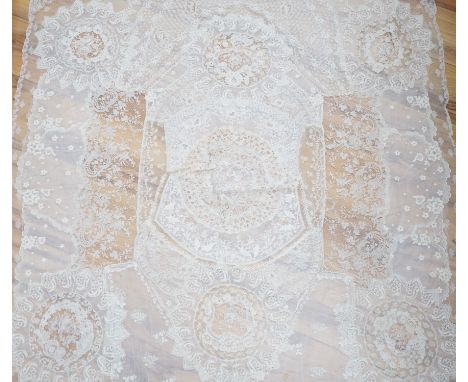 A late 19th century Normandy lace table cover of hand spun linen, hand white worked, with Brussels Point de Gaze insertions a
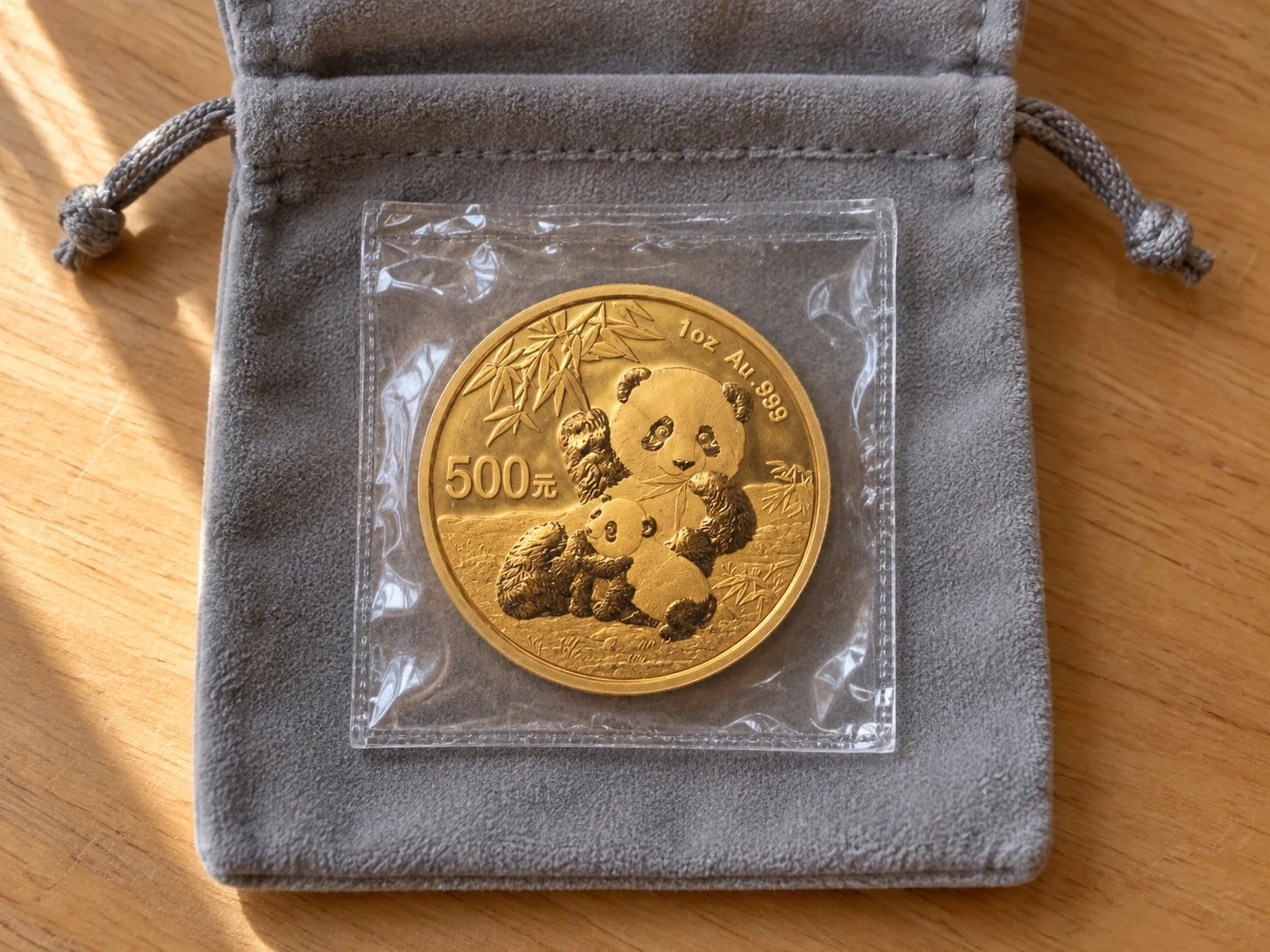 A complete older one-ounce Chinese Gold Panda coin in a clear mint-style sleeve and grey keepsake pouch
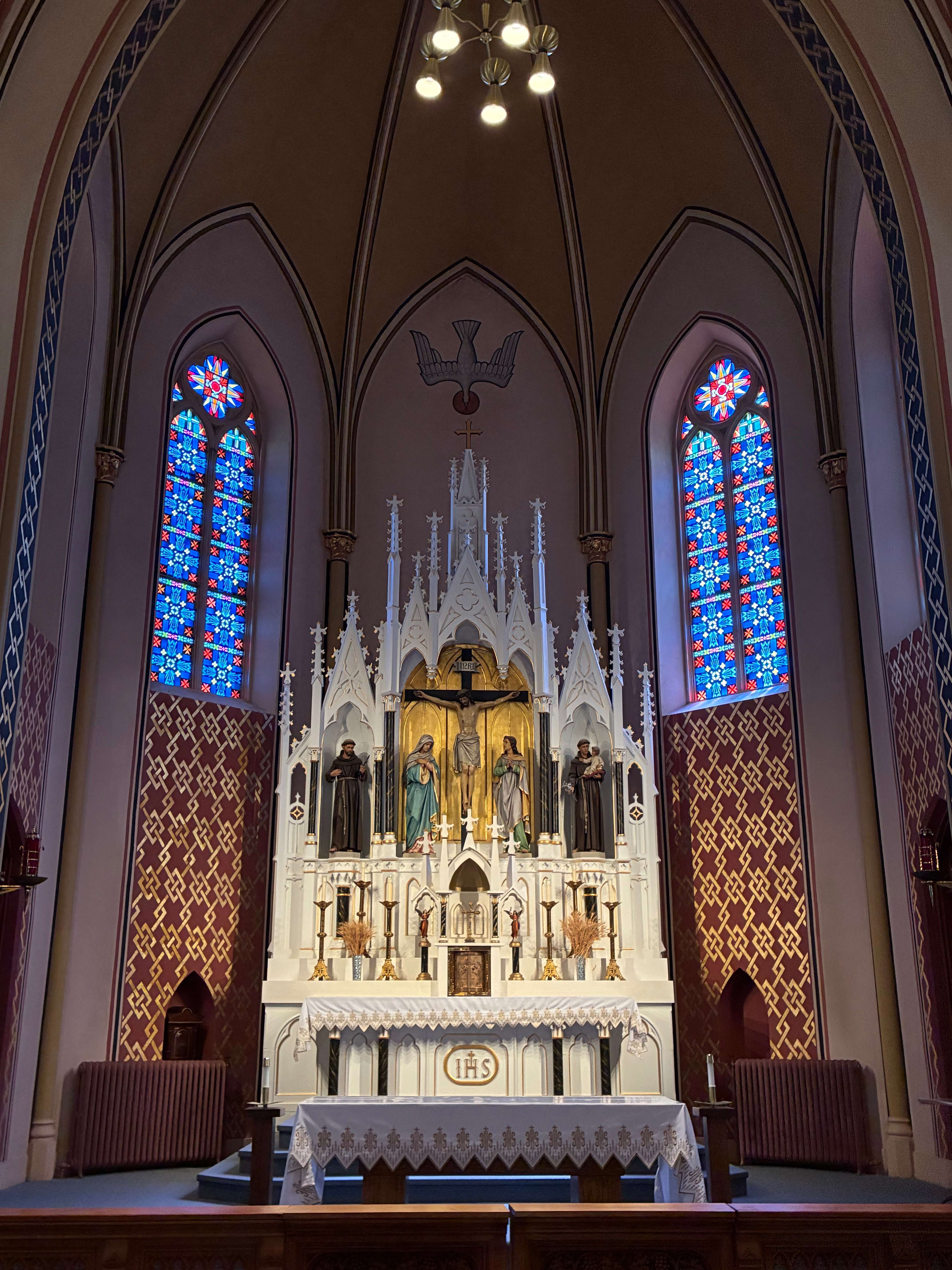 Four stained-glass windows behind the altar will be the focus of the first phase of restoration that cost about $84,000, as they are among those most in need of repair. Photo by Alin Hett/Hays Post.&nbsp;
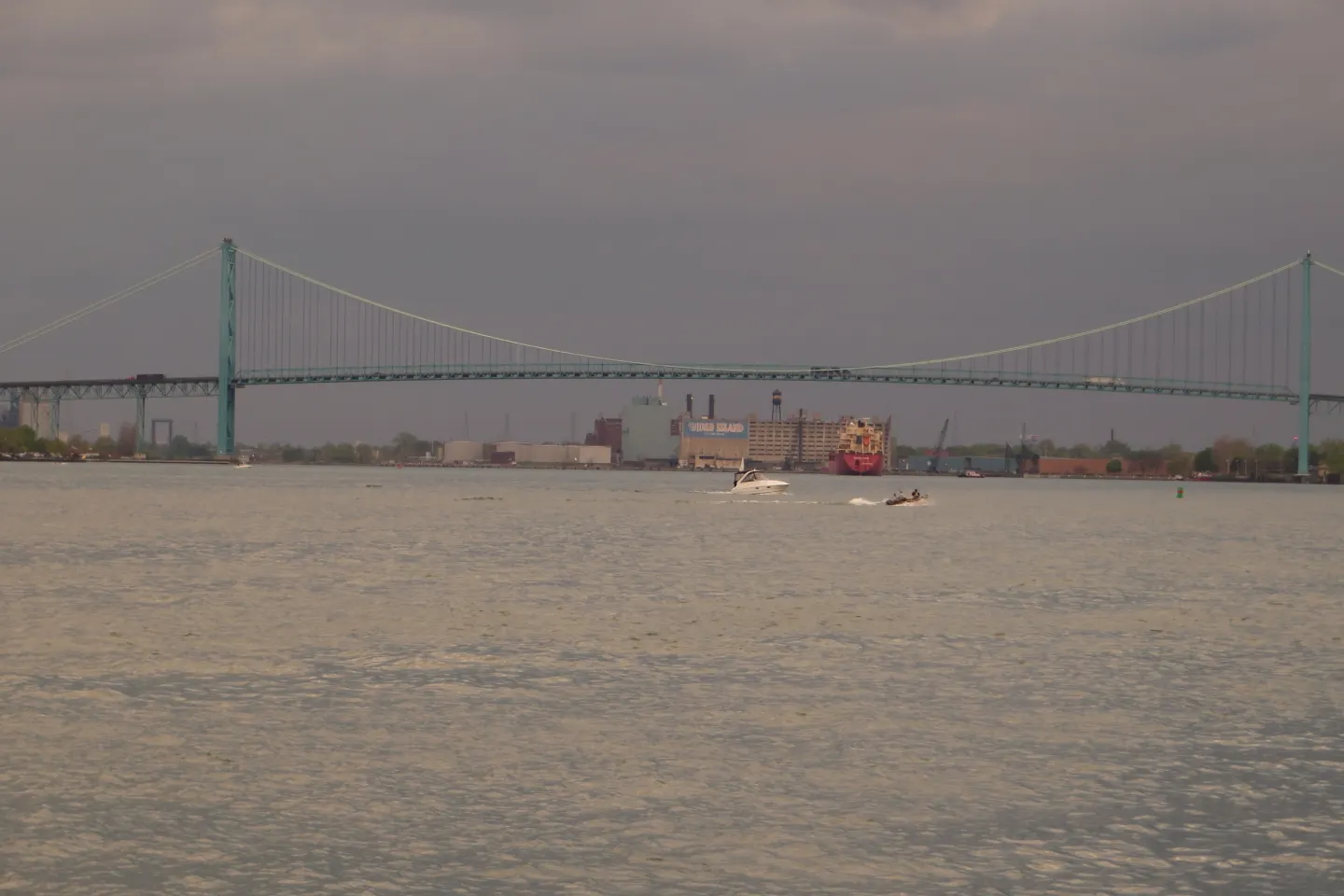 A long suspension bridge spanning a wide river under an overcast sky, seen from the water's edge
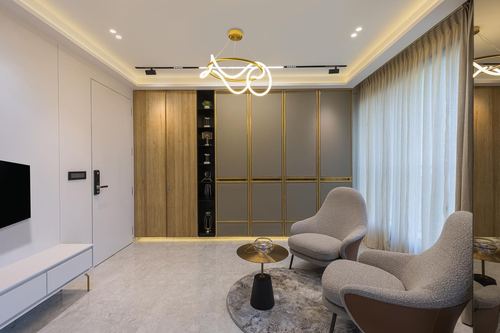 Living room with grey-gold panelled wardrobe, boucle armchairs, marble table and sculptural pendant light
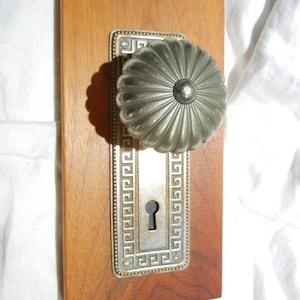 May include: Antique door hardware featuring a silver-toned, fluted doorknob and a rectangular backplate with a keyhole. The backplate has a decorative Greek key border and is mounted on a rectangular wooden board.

....................

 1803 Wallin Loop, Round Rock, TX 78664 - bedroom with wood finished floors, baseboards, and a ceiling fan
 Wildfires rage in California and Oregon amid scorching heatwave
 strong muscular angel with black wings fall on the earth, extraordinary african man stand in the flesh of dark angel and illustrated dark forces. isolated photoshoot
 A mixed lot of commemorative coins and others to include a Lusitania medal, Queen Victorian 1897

....................

Beginning with the line above that contains "Wildfires rage in", copy each line exactly up to and including the line that contains "A mixed lot", and go no further.

*ANSWER BOX*.
 Wildfires rage in California and Oregon amid scorching heatwave
 strong muscular angel with black wings fall on the earth, extraordinary african man stand in the flesh of dark angel and illustrated dark forces. isolated photoshoot
 A mixed lot of commemorative coins and others to include a Lusitania medal, Queen Victorian 1897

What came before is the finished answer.